そこで、Q9に入る信号を0.6V下げ、Q10に入る信号を0.6V上げます。この信号の上げ下げを行うのがQ7とQ8で構成される、ダイアモンドバッファです。どのくらい信号を上げ下げするのかは、RBuf1とRBuf2で決まります。実際には、0.6Vピッタリではなく、0.63Vくらい電圧をシフトしています。これにより、わずかな時間ですが、Q9とQ10を同時に動作させます。これを、プッシュプルのA-B級動作と言います。
セミカレミラ・ヘッドホンアンプを組み立てる
出来上がったPCBに部品を植えて、セミカレミラ・ヘッドホンアンプを組み立てていきます。
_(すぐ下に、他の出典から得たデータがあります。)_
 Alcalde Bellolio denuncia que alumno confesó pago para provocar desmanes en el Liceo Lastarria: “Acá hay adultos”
組み立ての前に、一段目差動増幅回路に使用するトランジスタのVbeを測定します。トランジスタのVbeが揃っていないと、出力オフセットが大きくなってしまいます。なお、Vbeは温度によって大きく変化します。そのため、測定時には、素手でトランジスタに触らないようにします。
トランジスタの選定が終わったら、PCBに部品を植えていきます。組み立ての際には、背の低い部品から実装していくのがセオリーです。しかし、トランジスタの取り付けにジグを使用しています。そのため、ジグのスペースを確保するため、変則的ですが、トランジスタから取り付けていきます。
抵抗とコンデンサを取り付けて、出来上がりです。
仕上げとして、外付け部品を取り付けます。
セミカレミラ・ヘッドホンアンプの性能測定
完成したら、性能測定を行います。しかし、今回はここからが大変でした。
失敗その1:電気食いすぎ
性能試験の前に、過剰な電流が流れていないか、過熱部分が無いかを確認します。その結果がコレです。
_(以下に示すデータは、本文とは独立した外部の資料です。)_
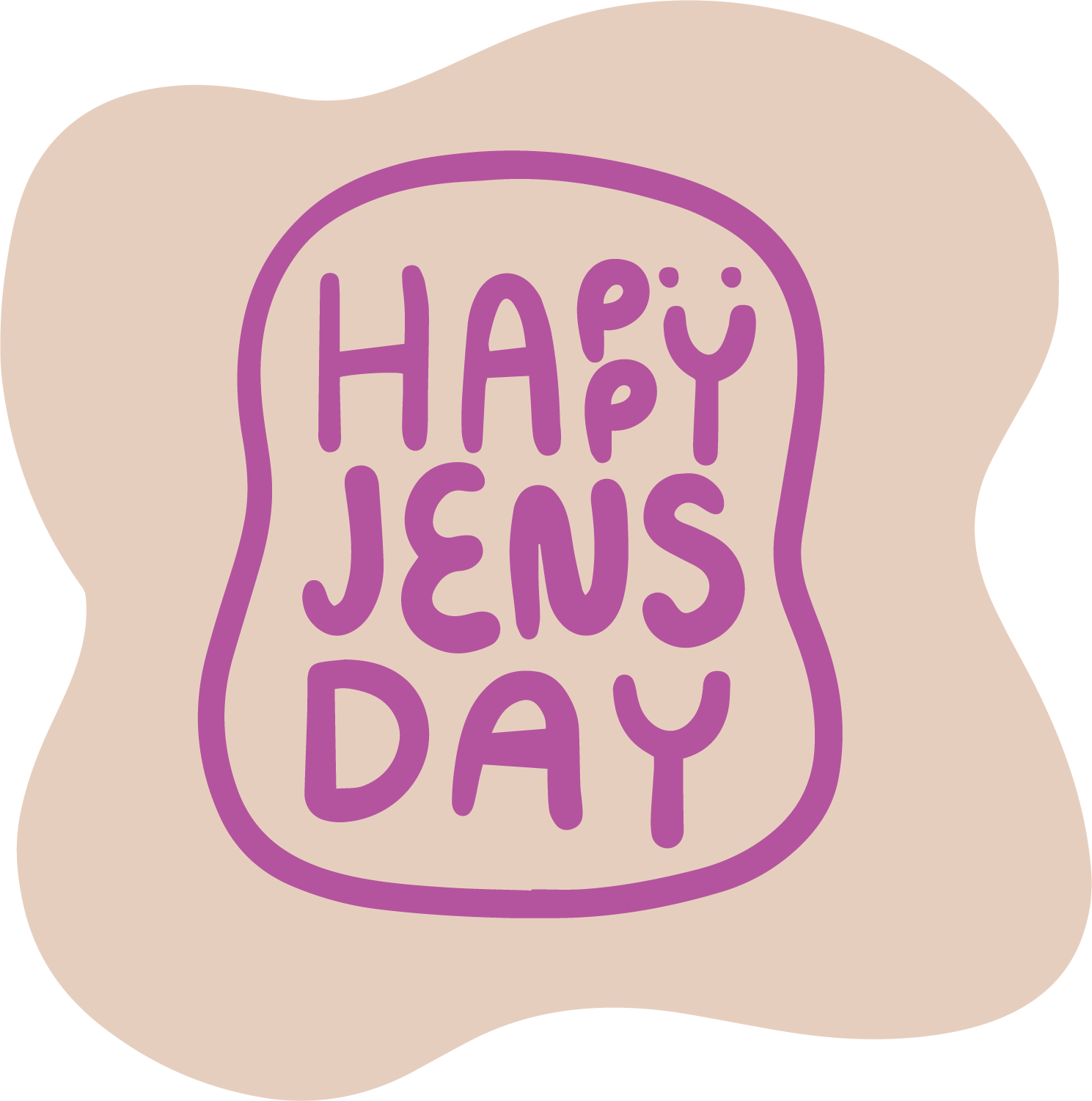 Happy Jensday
安定化電源に接続したところ、設定した上限電流を超えてしまいました。80mA程ですので、問題ないように見えるかもしれません。しかし、このヘッドホンアンプは、電池駆動です。しかも、容量のあまり大きくない006P型の電池を使います。この消費電力では6時間ほどしか電池駆動できません。したがって、この回路ボツです。
急遽設計変更と、回路の手直しを行います。
電気喰い過ぎの原因はすぐに思い浮かびました。やりすぎは、ダメですね。二段目差動増幅回路のエミッタ抵抗Re2を20Ωから470Ωに変更して、性能試験を続けました。
性能試験:最大出力振幅
入力信号を大きくしていき、波形の頭がつぶれた時の振幅を測定します。
電源電圧9Vに対し、最大振幅は8.3Vです。かなり大きな振幅がとれます。
性能測定:正弦波
いつものように、正弦波を入力し、出力波形を観察します。
正弦波の波形は、可聴域で乱れていません。しかし、出力が+側に40mVほどオフセットしています。本来、オフセットは一段目差動増幅回路でキャンセルされるはずです。したがって、一段目差動増幅回路に若干の問題があることが解ります。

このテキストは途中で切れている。